- _TASK DIRECTIONS_: Using the records below, copy exactly the part that opens with the line holding "Got my elo back" and closes with the line holding "Бесплатный openvpn клиент", minus the pictures.

::: SUPPLIED DATA

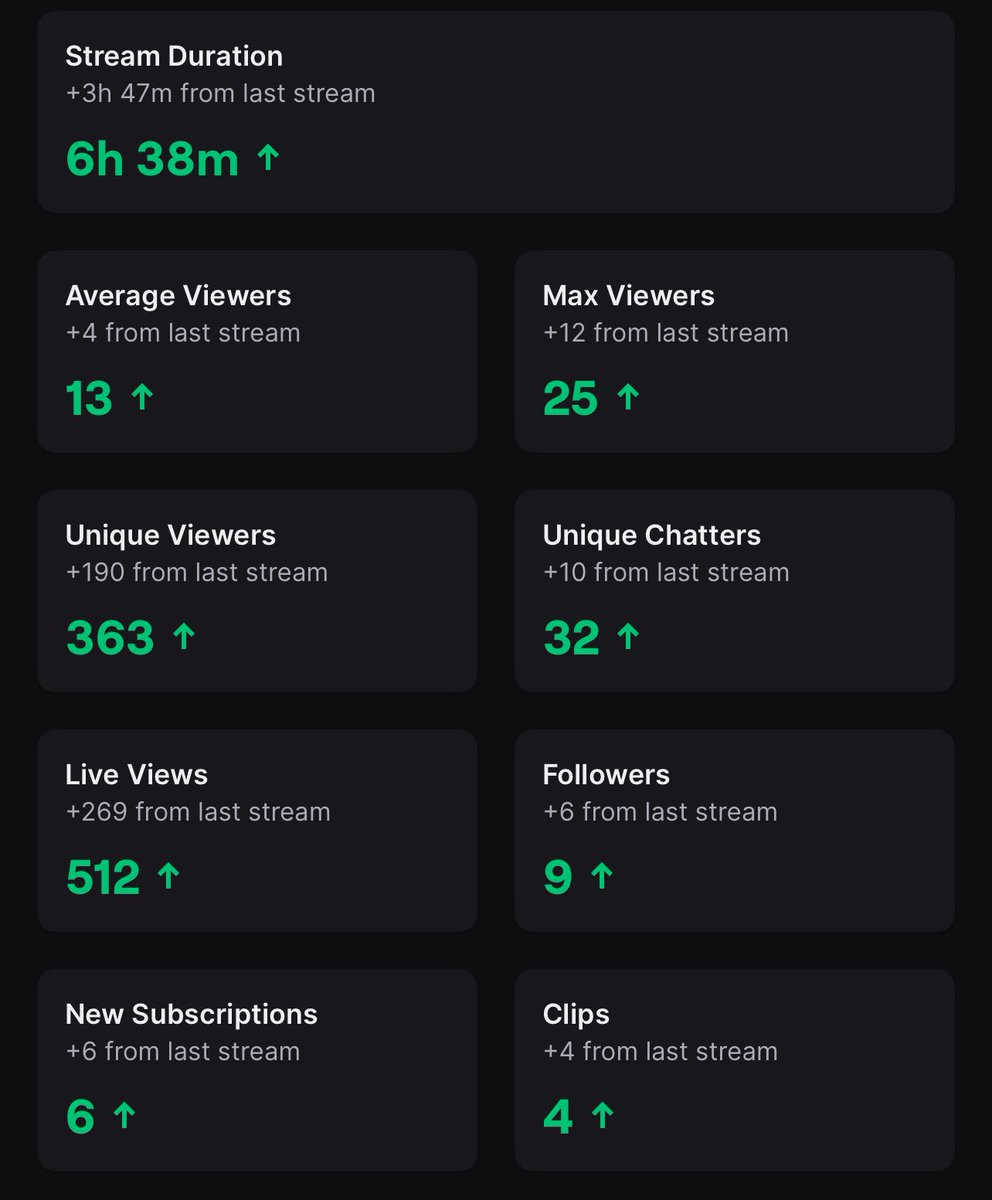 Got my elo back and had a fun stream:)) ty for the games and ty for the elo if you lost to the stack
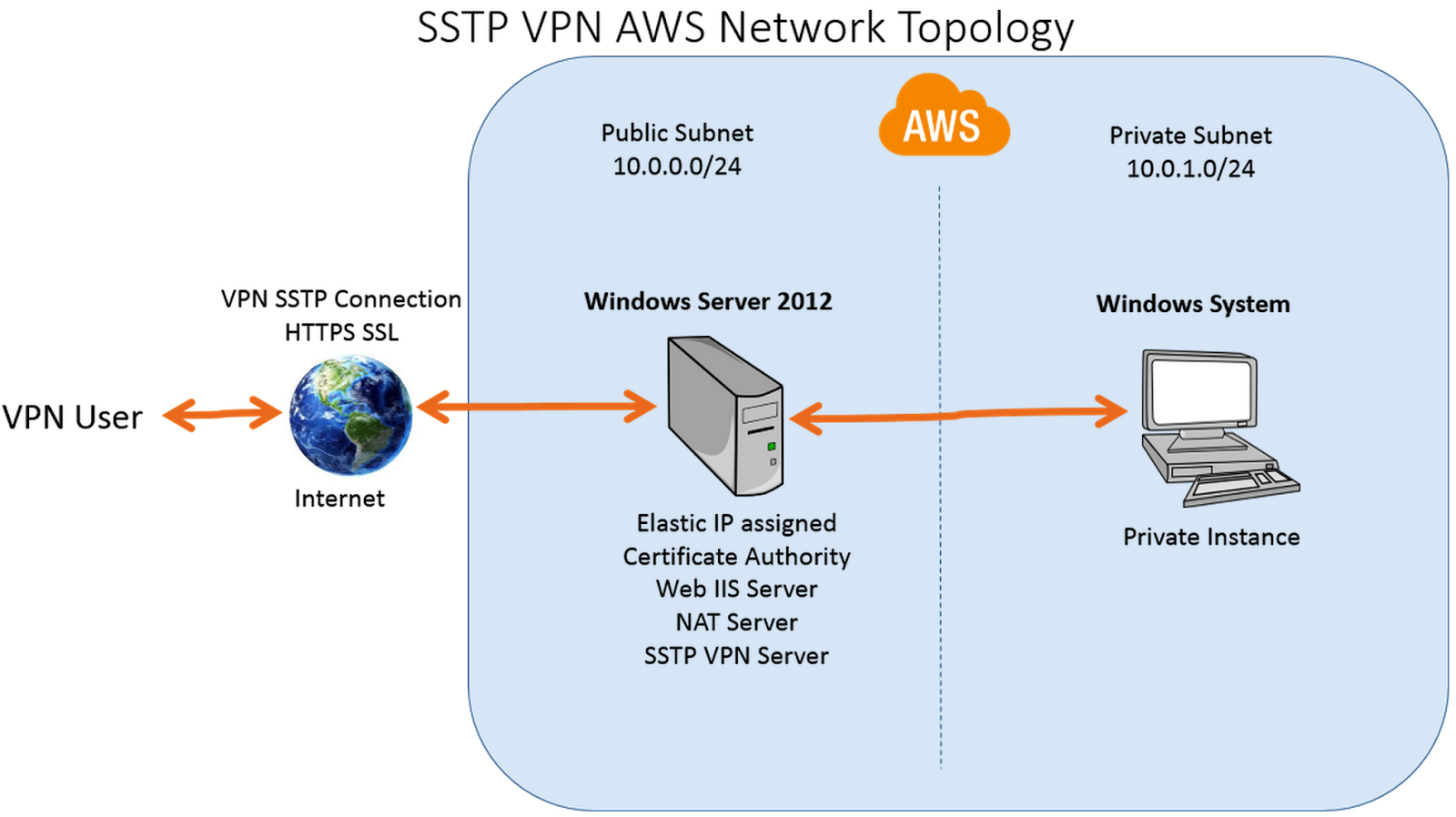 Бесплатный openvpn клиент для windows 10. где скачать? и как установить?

::::::
::: SUPPLIED DATA

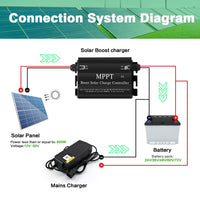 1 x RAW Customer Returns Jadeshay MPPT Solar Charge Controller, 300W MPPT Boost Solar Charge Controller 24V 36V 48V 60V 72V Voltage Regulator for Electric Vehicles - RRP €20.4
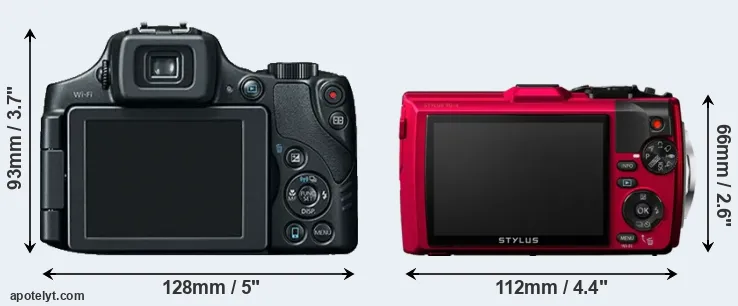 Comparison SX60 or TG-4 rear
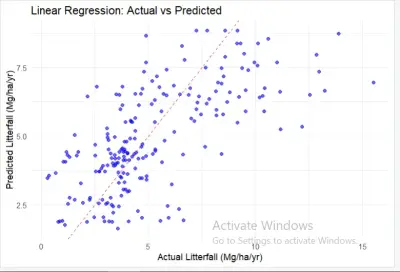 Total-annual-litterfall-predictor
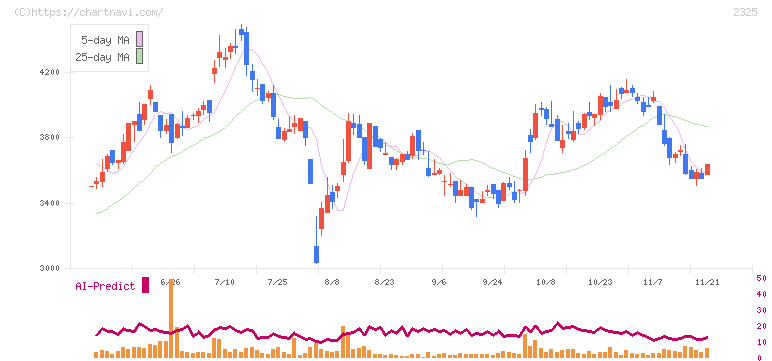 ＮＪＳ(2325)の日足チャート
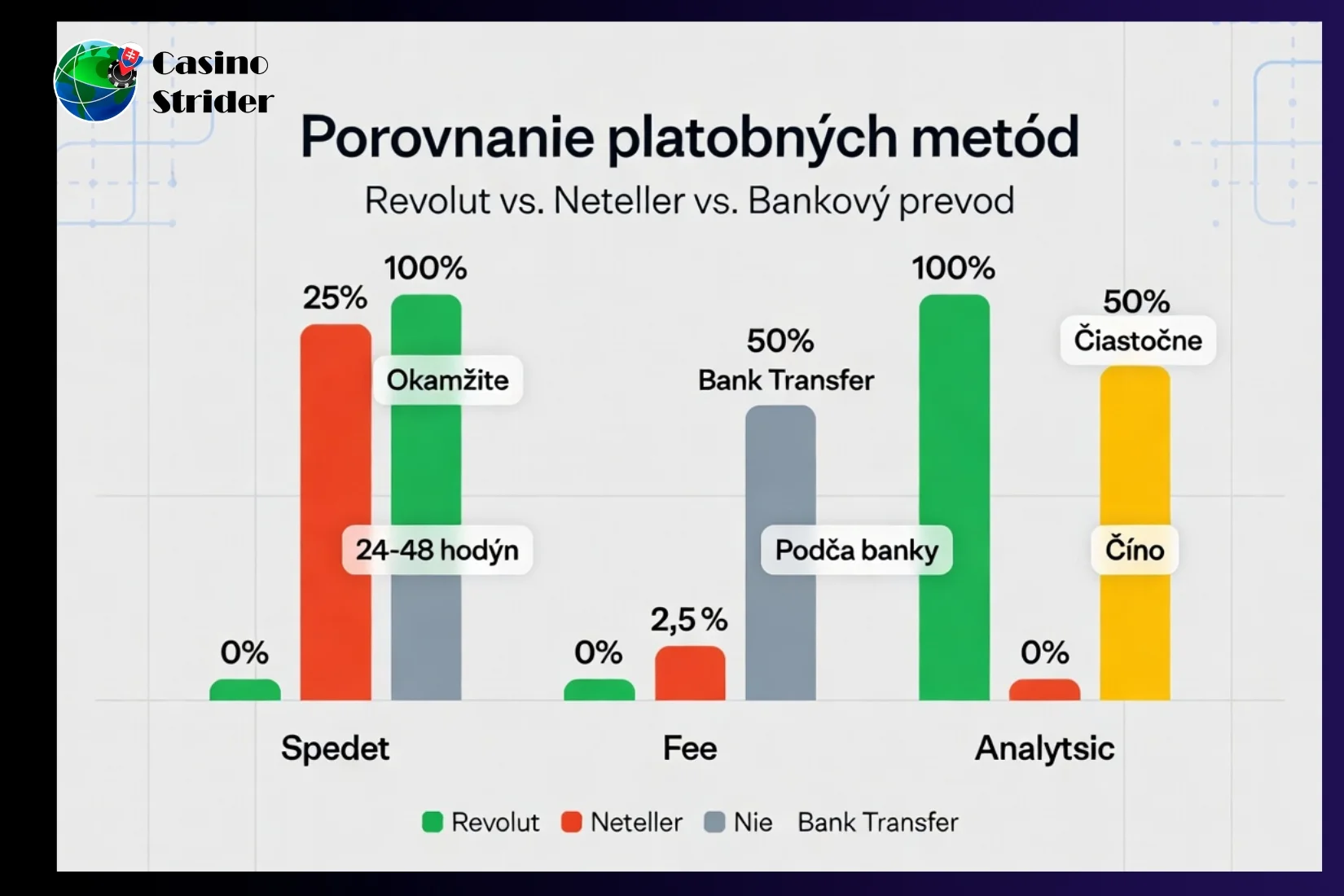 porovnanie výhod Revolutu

::::::

- _EXERCISE ANSWER_:
 Got my elo back and had a fun stream:)) ty for the games and ty for the elo if you lost to the stack
 Бесплатный openvpn клиент для windows 10. где скачать? и как установить?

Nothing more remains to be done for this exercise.